Re: Strange behaviour.

2010-05-27 Thread Bob Atton
Thanks to everyone for your responses.  It does look like it was a paging 
problem of some sort.

Regards
 
Bob


Re: Strange behaviour.

2010-05-26 Thread Jim Bohnsack

Time to call IBM service.  The processor may have called home.
Jim

On 5/26/2010 10:05 AM, Bob Atton wrote:

This is a multipart message in MIME format.
--=_alternative 004D688A8025772F_=
Content-Type: text/plain; charset=US-ASCII

We have had a very strange and unusual message today on our z/VM 5.4
system.

I had a report that our zLinux guests were not accessible (putty, ping,
ssh all no good).  I logged on to MAINT OK but soon after when I had
issued a command I got the following messages.

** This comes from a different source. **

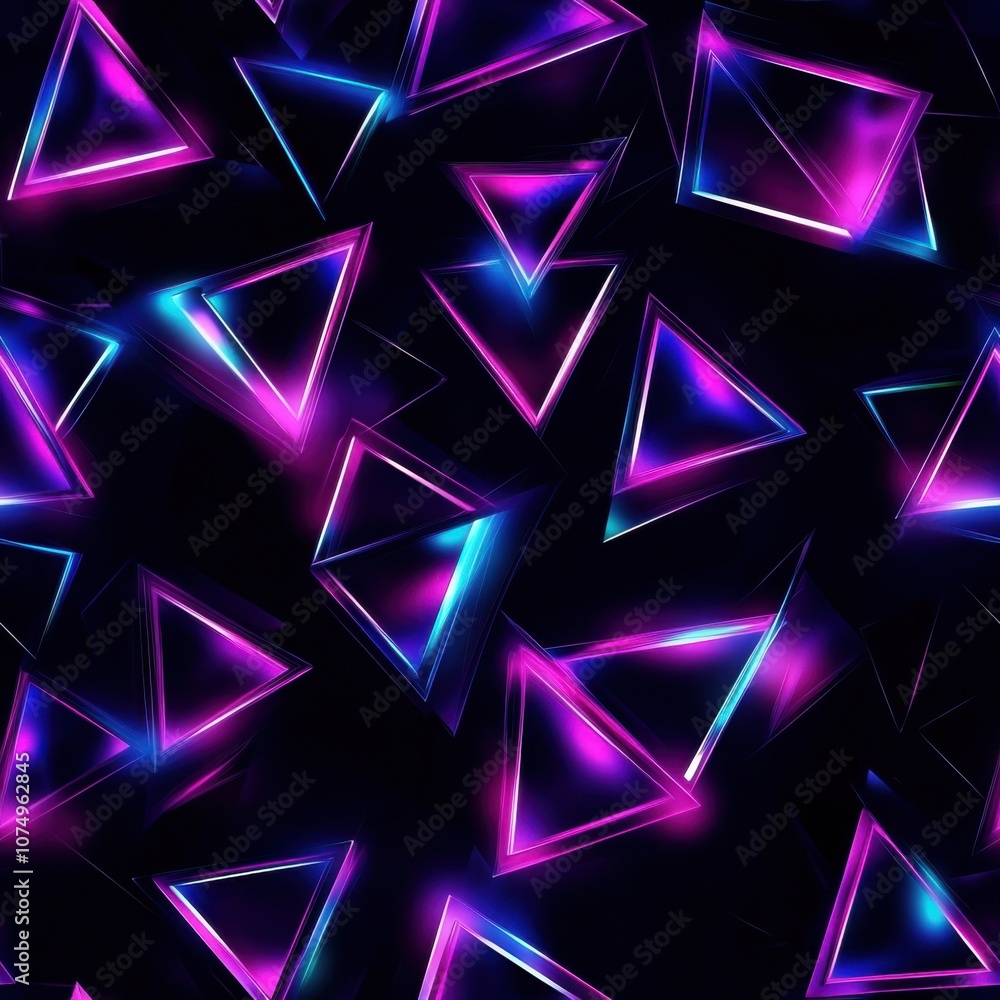 Aufkleber a vibrant futuristic design featuring glowing neon triangles in an abstract arrangement on a dark ba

  10:29:47  * MSG FROM MAINT   : DMSITM319T Machine check interrupt was
encountered; MCIC = X'4002AFBD 400B  '
  10:29:47  * MSG FROM MAINT   : DMSITM319T Disabled wait entered, please
re-IPL CMS.
HCPGIR450W CP entered; disabled wait PSW 000A 817C009E

CMS would not IPL but I could IPL 190.

When I tried to start the zLinux guests they initially failed with the
messages above because they IPL CMS but when I IPLed 190 and ran the
profile etc to start linux I saw

HCPMCV1459E The virtual machine is placed in check-stop state due to a
system malfunction with CPU 00.

After a while we IPLed the VM system and all appears to be OK.

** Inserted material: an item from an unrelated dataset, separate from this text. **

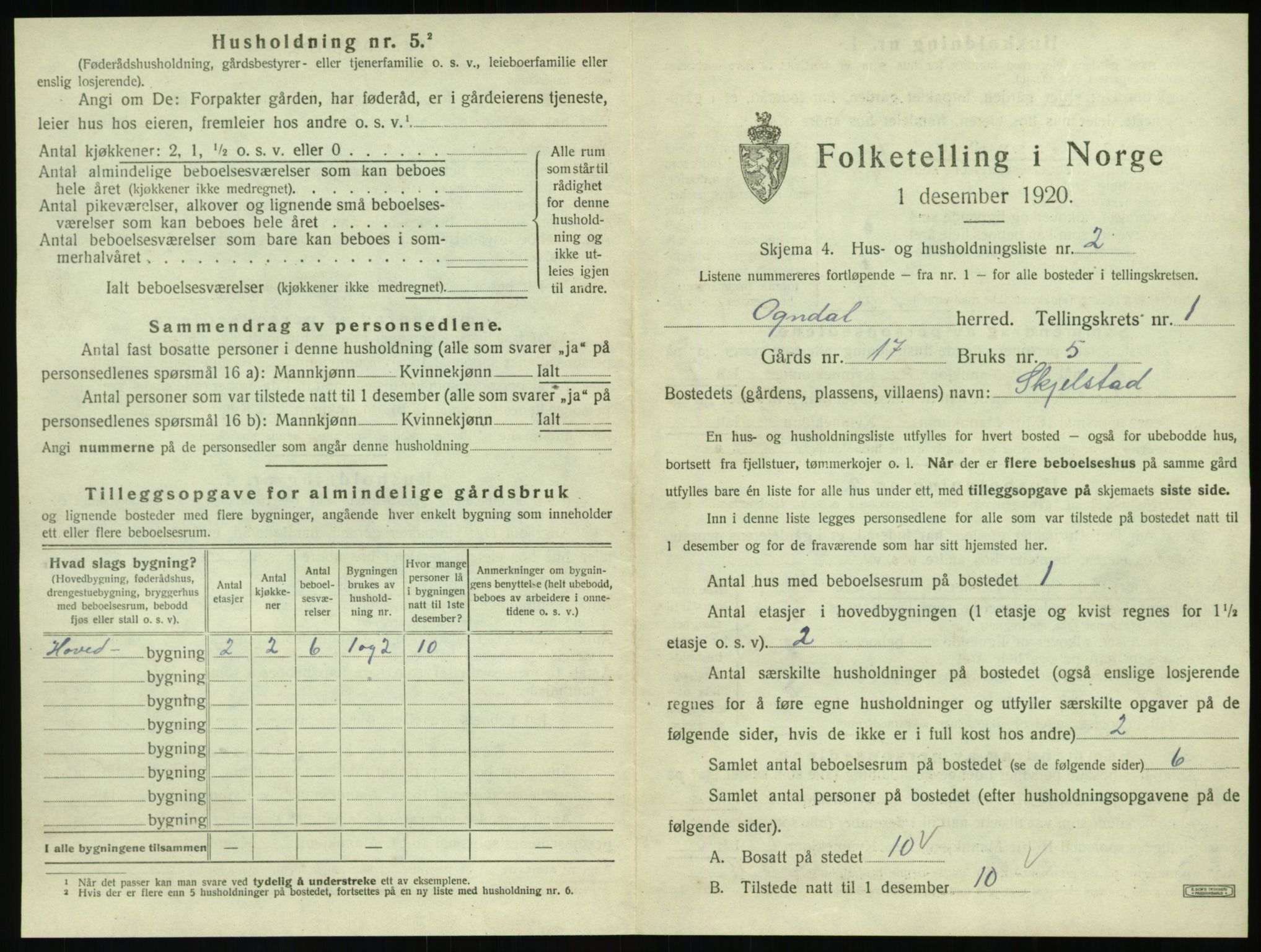 SAT, 1920 census for Ogndal, 1920, p. 35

Has anyone else seen such strange behaviour?


Regards

Bob
   


--
James Bohnsack
(972) 596-6377 home/office
(972) 342-5823 cell


Re: Strange behaviour.

2010-05-26 Thread Alan Altmark
On Wednesday, 05/26/2010 at 10:06 EDT, Bob Atton bob.j.at...@rrd.com 
wrote:
 We have had a very strange and unusual message today on our z/VM 5.4 
system. 
 
 I had a report that our zLinux guests were not accessible (putty, ping, 
ssh all 
 no good).  I logged on to MAINT OK but soon after when I had issued a 
command I 
 got the following messages. 
 
  10:29:47  * MSG FROM MAINT   : DMSITM319T Machine check interrupt was 
 encountered; MCIC = X'4002AFBD 400B  '

40 = System processing damage
02 = Backed up

That means that the CPU had an error and 'backed up' to the most recent 
internal consistent checkpoint, avoiding damage to memory, registers, 
timers, or the PSW.  The condition is fatal.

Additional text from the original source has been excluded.